The need to make a profit on, for example, drugs, raised some questions among the panel. Mark Walport pointed out that our economy is dependent on the Pharma industry and we need them for safe, available drugs. So expecting them to be completely transparent with their own data is difficult, even when they are benefitting from public data to make a profit. As he put it, ‘profits is OK, profiteering is not’. But what about the need for public scientists to maintain a competitive advantage over their rivals? What if the data was released to the entire world including corporations in jurisdictions that may not respect the licences governing use of the data? David Colquhoun touched on one of Baroness O’Neill’s question on when data should be released, discussing the ramifications of releasing data when all of the usefulness has not been extracted from it, allowing others to reap the benefits. It seemed to be the general consensus of the panel was that data should not be released until it was fully compiled rather than in dribs and drabs, although Colquhoun amusingly stated he was perfectly happy for anyone to see every draft and email involved in his own work.
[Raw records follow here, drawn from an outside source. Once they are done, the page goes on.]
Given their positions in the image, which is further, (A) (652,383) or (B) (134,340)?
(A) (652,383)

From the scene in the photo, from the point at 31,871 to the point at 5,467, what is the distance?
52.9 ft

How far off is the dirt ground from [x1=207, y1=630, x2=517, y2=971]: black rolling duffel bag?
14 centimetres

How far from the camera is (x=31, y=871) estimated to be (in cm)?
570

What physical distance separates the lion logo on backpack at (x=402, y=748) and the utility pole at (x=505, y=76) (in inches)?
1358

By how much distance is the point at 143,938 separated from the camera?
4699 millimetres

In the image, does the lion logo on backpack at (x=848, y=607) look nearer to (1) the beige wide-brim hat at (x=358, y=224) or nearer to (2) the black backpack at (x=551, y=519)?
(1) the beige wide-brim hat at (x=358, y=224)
Colquhoun’s own openness with his work was an interesting alternative to the image of a scientist often portrayed in the media as someone with their own motives, keeping secrets from the general public. But, unfortunately, it is clear that Colquhoun is not the absolute model for all scientists. He pointed out that clinical medicine is an area where a large amount of corruption has been seen, stating that this area is ‘not inherently corrupt, there is just more money to corrupt with.’ He mentioned the problems with the current rules on clinical trials where—although all trials have to registered, the results do not have to be published. This results in negative results staying hidden and failing to add to the scientific knowledge. 17% of cancer trials are not published, with university managers caring more about reputation than the truth. He was keen for a change in the current scientific culture to remove some of the pressure to publish; something which he believes is leading to a generation of ‘stiff scientists’. A more open dialogue between scientists and the public is perhaps required rather than the ‘cynical compliance’ described by Baroness O’Neill who did then go on to say that, while serious scientists do try to be open, some fields are still secretive. A question from the audience touched on an area where some secrecy is required—research involving personal data. While this sort of data is invaluable for compiling information on, for example, drug side-effects, stripping anything that allows an individual to be identified from data is difficult and expensive but necessary if the data is to be released.
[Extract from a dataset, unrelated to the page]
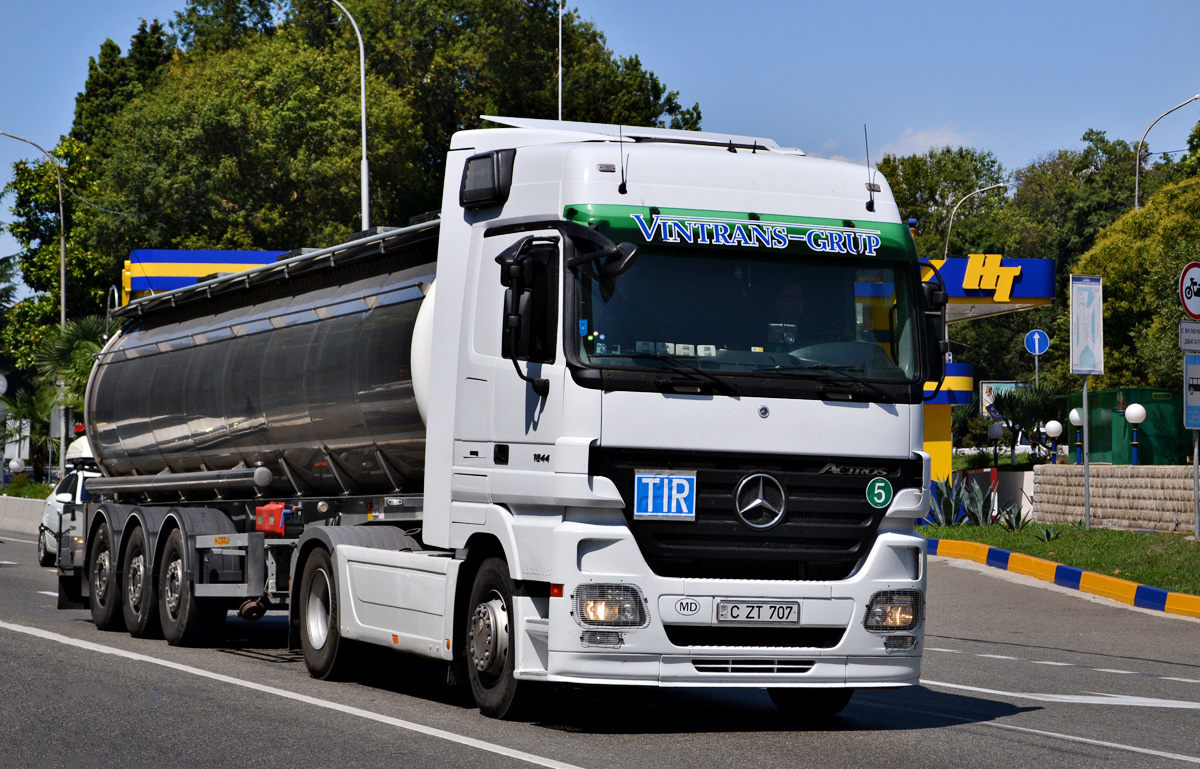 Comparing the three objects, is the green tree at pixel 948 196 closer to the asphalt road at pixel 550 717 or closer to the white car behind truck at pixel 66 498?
the white car behind truck at pixel 66 498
Referring to ‘climategate’, George Monbiot described the scientific community as being completely unprepared for the resulting media onslaught. This disagreement focused around sceptic David Holland’s Freedom of Information act requests for access to climate data compiled by scientists, and blew up following the leaking of emails sent between the scientists in question. While Monbiot placed 95% of the blame for the clash between media and science on the shoulders of the media, he did feel that the scientific community had partially contributed to the hacking by giving the impression it had something to hide by not acting in an open manner.

The overall conclusions appeared to be that, while openness is vital and release of data into the public environment is important, the form that this data takes and who is able to use it is going to require further discussion. The Genome sequencing project was mentioned as an example of where the scientific community has done well at communicating their results with the public rather than simply releasing reams of raw data that no one else can understand. But the majority of the panel did agree that, should someone want the raw data, scientists should be ready to provide it. However, a change in scientific culture was mentioned on several occasions and it seems that, without a greater willingness of the scientific community to make their results—positive and negative—available to all, the current mistrust of science by some of the media and public will remain.